A proposed site for a mosque two blocks from Ground Zero in lower Manhattan is seen (R) May 25, 2010 in New York City. The plan to build the 15-story, $100 million mosque -- which is so close to the site of the Sept. 11 terrorist attacks that debris from one of the hijacked planes smashed through the roof of the existing building there -- is surrounded by controversy, and politicians and activists are preparing on both sides of the debate. (Photo by Chris Hondros/Getty Images)
The organization planning to build an Islamic community center near the World Trade Center said the imam who has been the public face of the project, Imam Feisal Abdul Rauf, will be playing a reduced role in the facility.
The nonprofit group Park51 announced Friday that it had named a new imam to help lead religious programing so that Rauf could focus on other initiatives.
Rauf announced late this fall that he would be starting a global movement that would fight extremism and promote better relations between people of different faiths and cultures. He is set to start a national speaking tour Saturday in Detroit.
Rauf will remain on the Islamic center's board, Park51 said in a statement, but the group needed someone who could be more focused on the day-to-day business of building a local congregation.
"Due to the fact that Imam Feisal is focusing most of his energies and passion on launching this new and separate initiative, it is important that the needs of Park51, the Islamic community center in lower Manhattan, take precedence," the group said.

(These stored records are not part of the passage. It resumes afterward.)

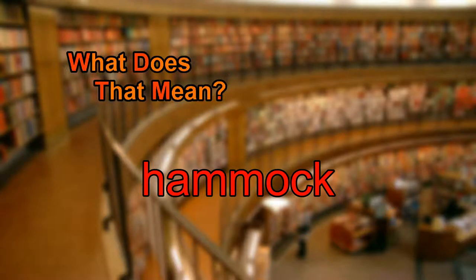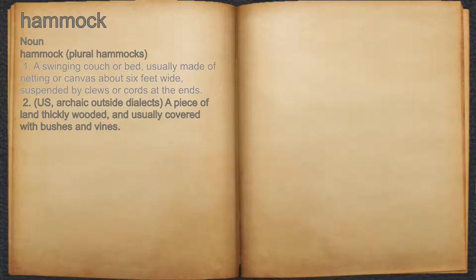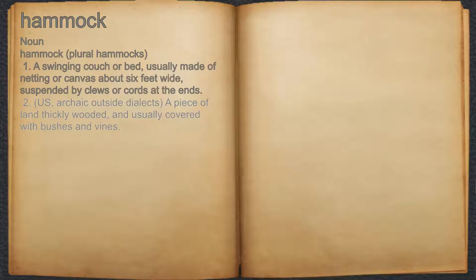What does hammock mean? Hammock. Noun. 1. A swinging couch or bed, usually made of netting or canvas about six feet wide, suspended by clues or cords at the ends. 2. Archaic outside dialects, a piece of land thickly wooded, and usually covered with bushes and vines.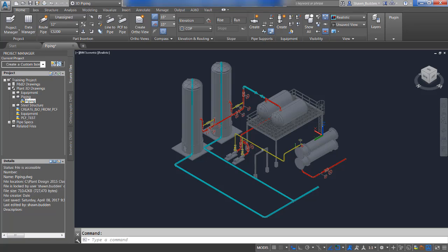Everyone has specific needs for their isometric title blocks, and for the most part you do have much control over the output of your isometrics. So let's take a look at how we can actually set up that title block so it can best resemble your company's needs or what your wishes are.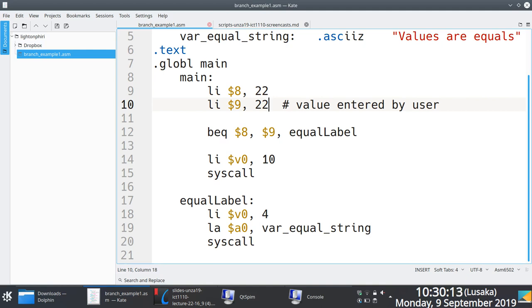Because what the CPU will do is it will execute everything irrespective of what the condition is.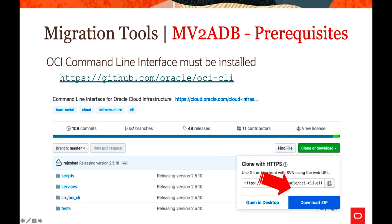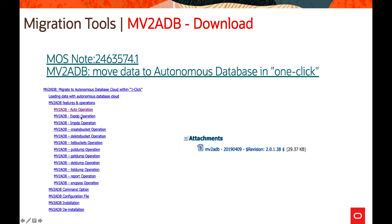Some prerequisites for using mv2adb: you must have the OCI Command Line Interface installed. If not already done, you can get it from GitHub or from cloud.oracle.com — it takes a few minutes to install and requires Python and a few packages. Once installed, you will need your tenancy-related details such as OCID of your tenancy, auth tokens, and a few other Oracle Cloud Infrastructure environment details. mv2adb will make use of these and supports operations like auto, expdp, impdp, create bucket, delete bucket, list bucket, and put dump.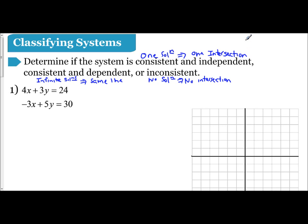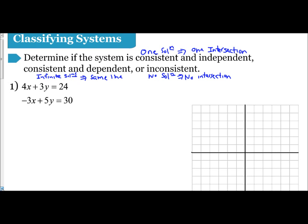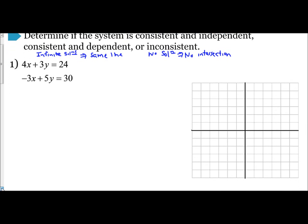When we're classifying our systems, we need to recall these definitions. In order to determine if there's an intersection — whether there's one, infinite, or no intersection — we need to graph the equations. So we need to convert these to slope-intercept form to graph them. First, let's do 4x plus 3y equals 24.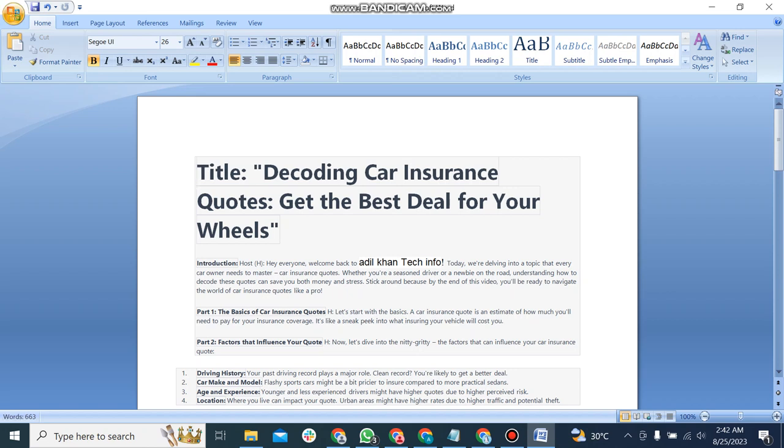Decoding car insurance quotes: get the best deal for your wheels. Hey everyone, welcome back to Adil Khan Tech Info.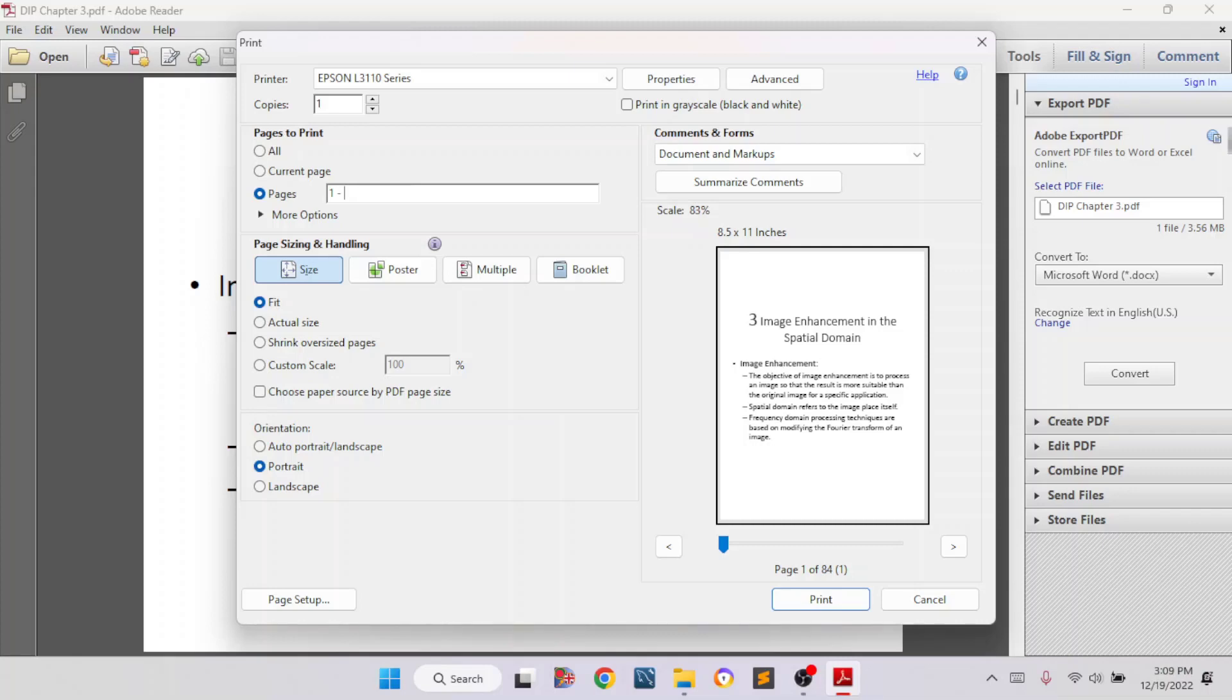Because if we select all, then it will start printing from first page to last page. If the document file has hundreds and thousands of pages, it will start printing from first page to last page. But here we have to select the page ranges 1 to 12. It means it will print from page 1 to page 12.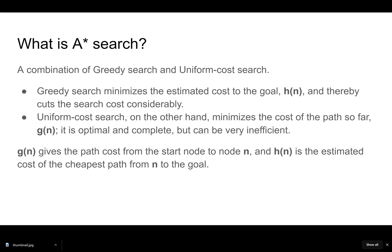H of N is a heuristic that tells us the cost to the goal. The cost of the goal is whatever the straight line distance is. If you did the Pythagorean theorem, you found a diagonal line from Atlanta to New York. That is the cost to reach the goal. However, there are multiple paths we could take to travel to that city.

The group said that while his vision is "truly exceptional, our community in lower Manhattan is local. Our focus is and must remain the residents of lower Manhattan and the Muslim American community in the greater New York area."
The backers of the community center and mosque are planning on replacing a defunct clothing store two blocks from ground zero with a 13- to 16-story building that would hold athletic facilities, a day care center, art galleries, an auditorium for cultural events, a 9/11 memorial and a prayer space with room for a congregation of about 1,000.

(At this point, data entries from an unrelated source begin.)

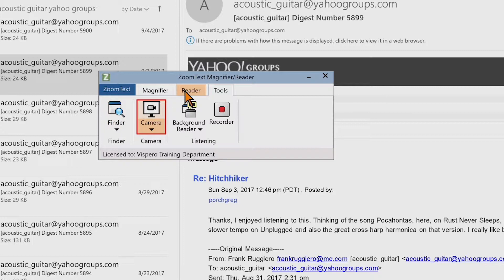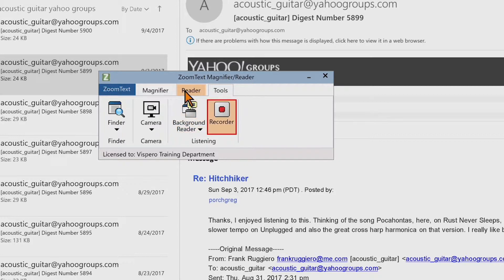The Camera group box Camera button access key is Alt-T, C. The Listening group box Background Reader button access key is Alt-T, B. The Recorder button access key is Alt-T, D. The ZoomText menu button access key is Alt-Z.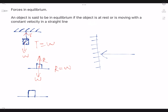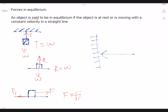The next situation is an object on the table. There is a force pulling it, and there is also a frictional force, which I put as FR. In this case, the frictional force equals the force that pulls it, so the object will move at constant velocity, because the frictional force is the same as the force applied to the object.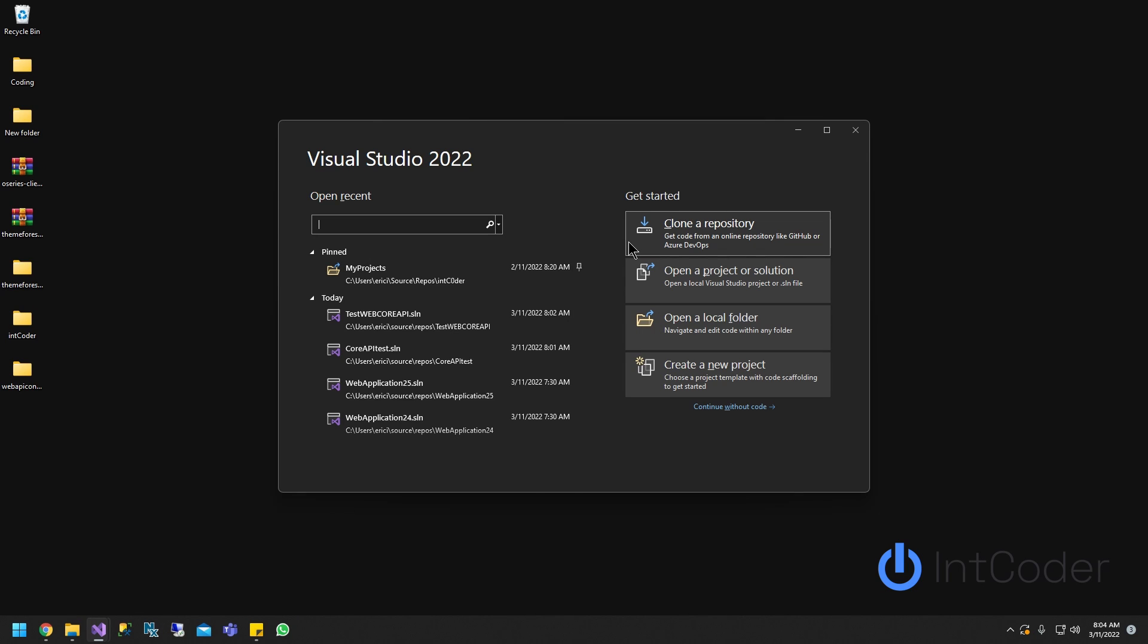Hello, everyone. On this video, you will learn how to run an executable from your ASP.NET Core Web API.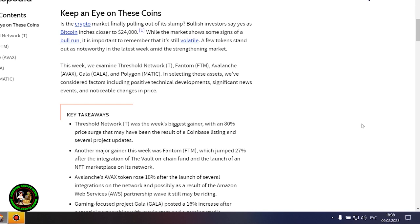These cryptocurrencies will be especially interesting in the future. There is a special interest in them and now you'll find out what. Keep an eye on these coins.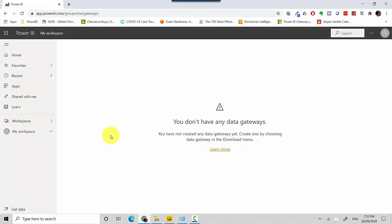Now I don't have any data gateways available to me. To recap, in this video we've quickly learned how to delete the gateways in the Power BI service which are redundant or not in use any longer.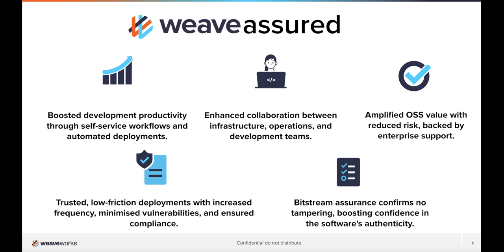Hi, I'm Steve Frazier and today I'm going to show you a demo of Weave GitOps Assured. Weave GitOps Assured automates continuous delivery in Kubernetes cluster management by combining open source innovation and enterprise support.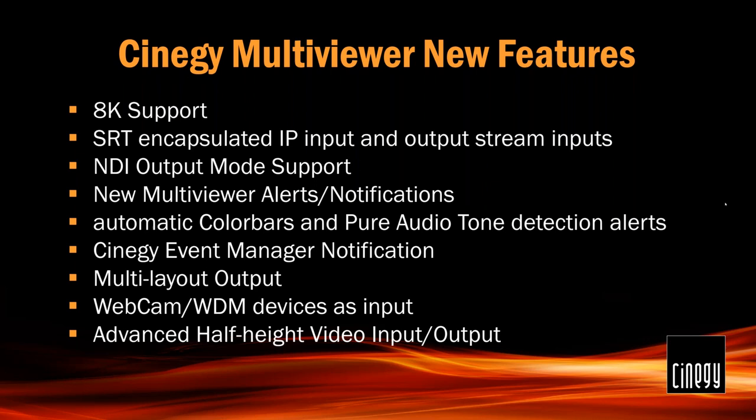We added SRT encapsulated IP input and output support, which makes it really easy and nice to perform cloud deployments for remote work, which is especially topical now. We also took care of adding NDI output to Multi Viewer. Those with experience know we've been supporting NDI inputs since version 12, which is two or three years old. But now with increasing demand for this technology, we've added it to Multi Viewer too, to make it easier to integrate with other hardware and software in your system.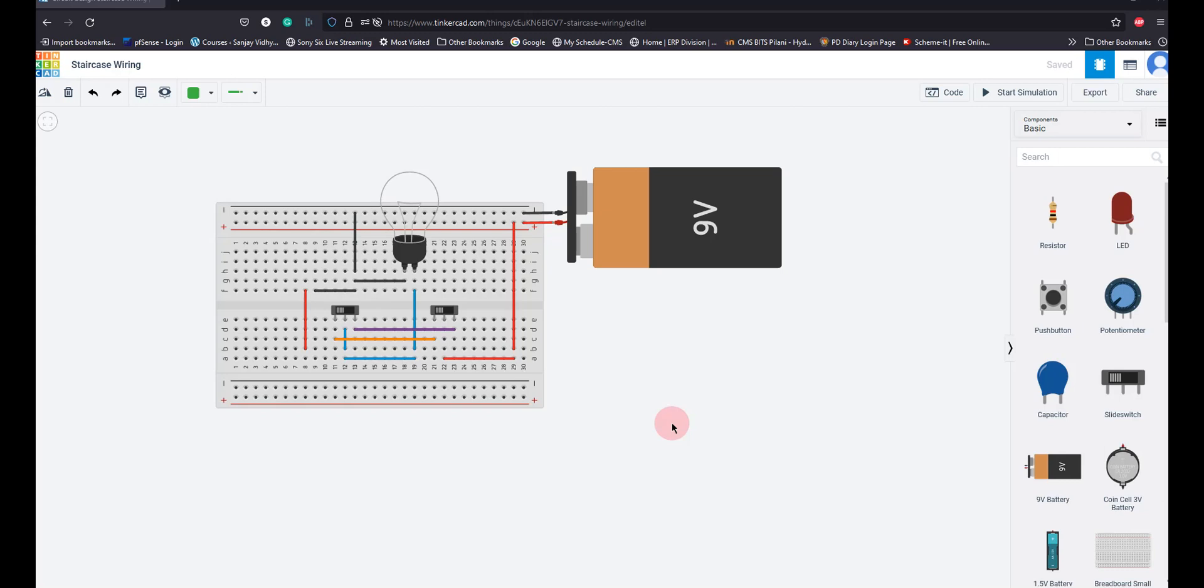Similarly, if somebody is coming from top to bottom, he can switch on the light using the switch at the top, and after climbing down the stairs, switch it off from the bottom. So there are two switches available for a single bulb. This is the circuit we had to implement.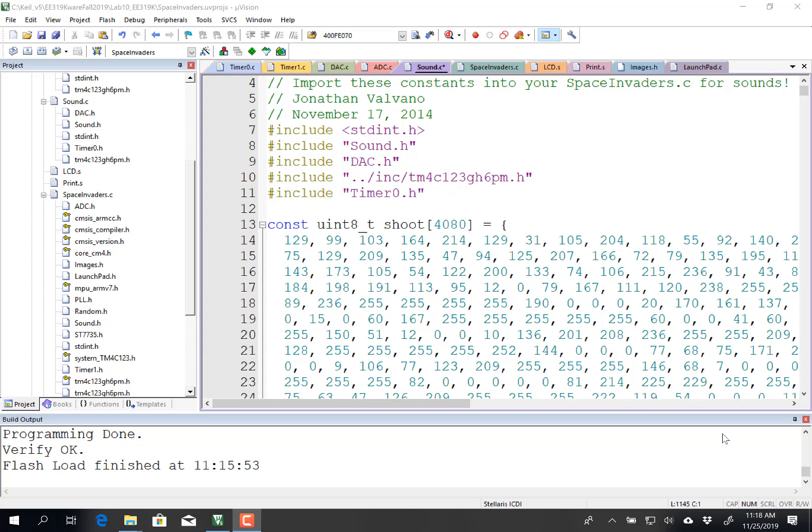Hi, John Valvano here, and in this video I want to show you how to make sound. So I've opened up the sound.c from the starter code. Of course I've pasted in my solution to Lab 7 and 8 into the Lab 10 starter code, so it will output to the LCD and output to the DAC.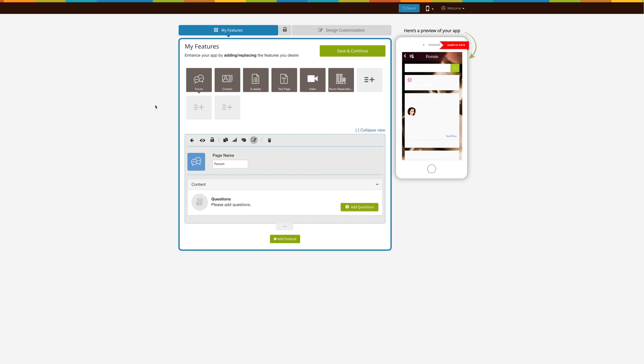Hi guys, in this tutorial we'll tell you how to add a coupon directory page into your app. The coupon directory page allows you to generate and distribute discount coupons to customers, helping you drive traffic and increase repeat visitors.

Critics have assailed the project as insensitive, saying it is improper for a Muslim institution to be located so close to the site of an attack by Islamic extremists.
The group named another New York City imam, Abdullah Adhami, as its senior adviser.

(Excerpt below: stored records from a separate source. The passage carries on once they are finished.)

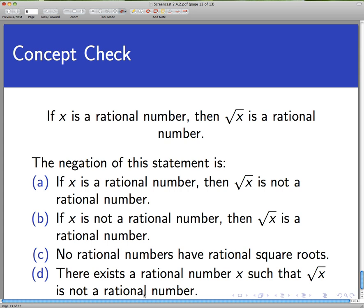Here's a concept check. Consider the statement: 'If x is a rational number, then √x is a rational number.' What is the negation of that statement? Think about your options — this is one you have to think about carefully because of how the sentence is structured. The answer is D: 'There exists a rational number x such that √x is not rational.'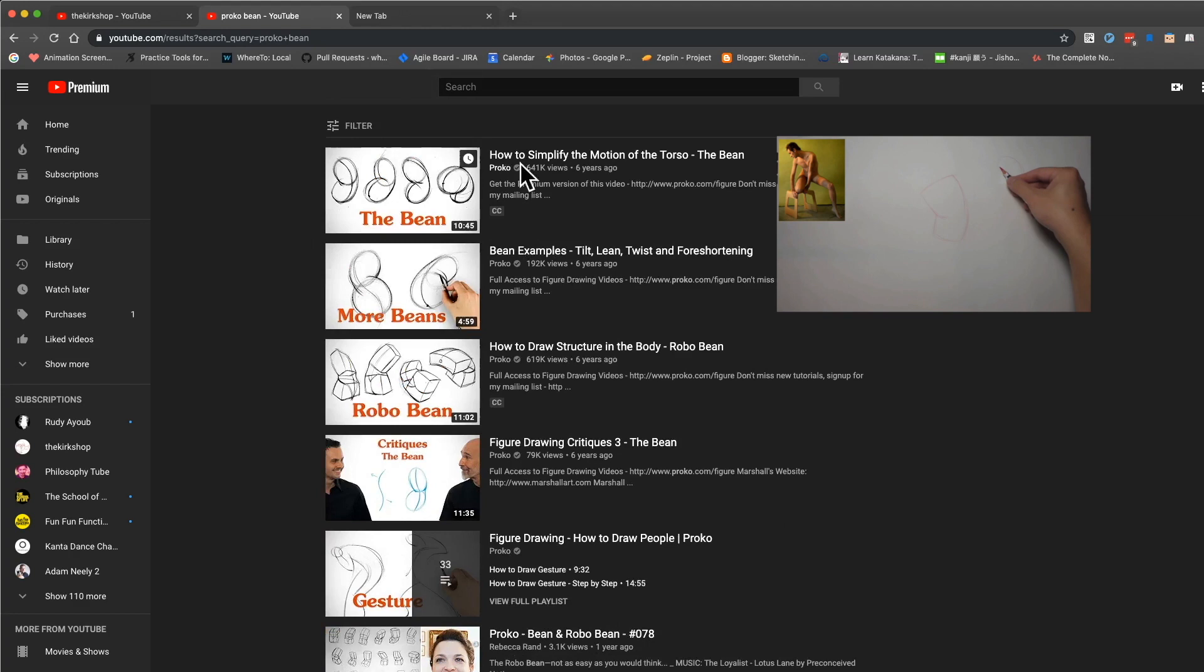Look at all these videos by Proko: how to simplify the motion of the torso, the bean, more beans. Anyway, let's get to week two.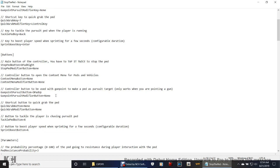Moving on down: control button to be used with gunpoint to make a ped as pursuit target — same thing as I was talking about for keyboard users. What you're going to do in this case is D-pad up, and that's what it should be. If it's not, change it to D-pad up, just the way it looks right here — capital D, capital P, A, D, capital U, lowercase p. So you pretty much point your gun and you push up on the D-pad, it marks them as a pursuit target and they turn up as a red blip on the map.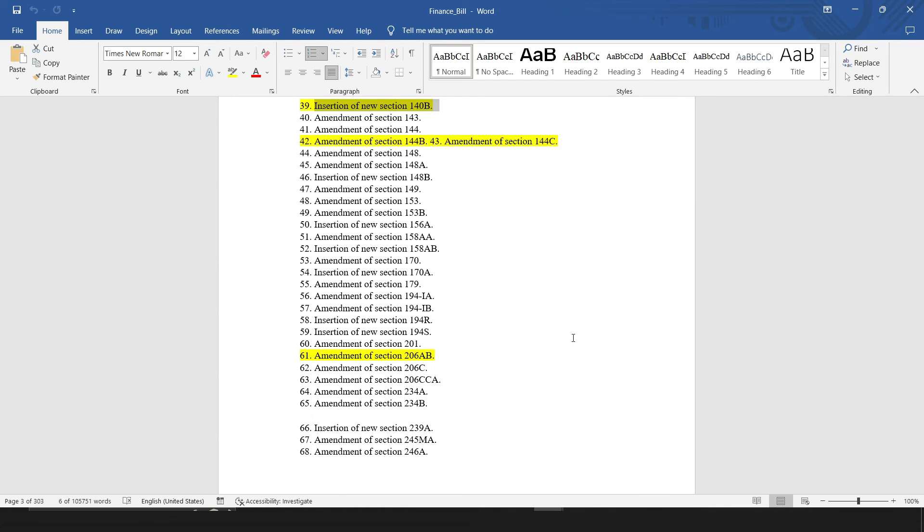So, in this way, you can easily find all the highlighted text one by one without scrolling through the whole document from start to end.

Adhami was born in Washington, D.C., and earned an architecture degree from the Pratt Institute in Brooklyn. He has already performed guest lectures at the site of the planned center, and has had a presence in lower Manhattan since the early 1990s.
Park51, which is controlled by the Manhattan real estate investor who owns the site of the planned center, Sharif El-Gamal, said Adhami would be one of several imams who would eventually be picked to coordinate religious services in the building.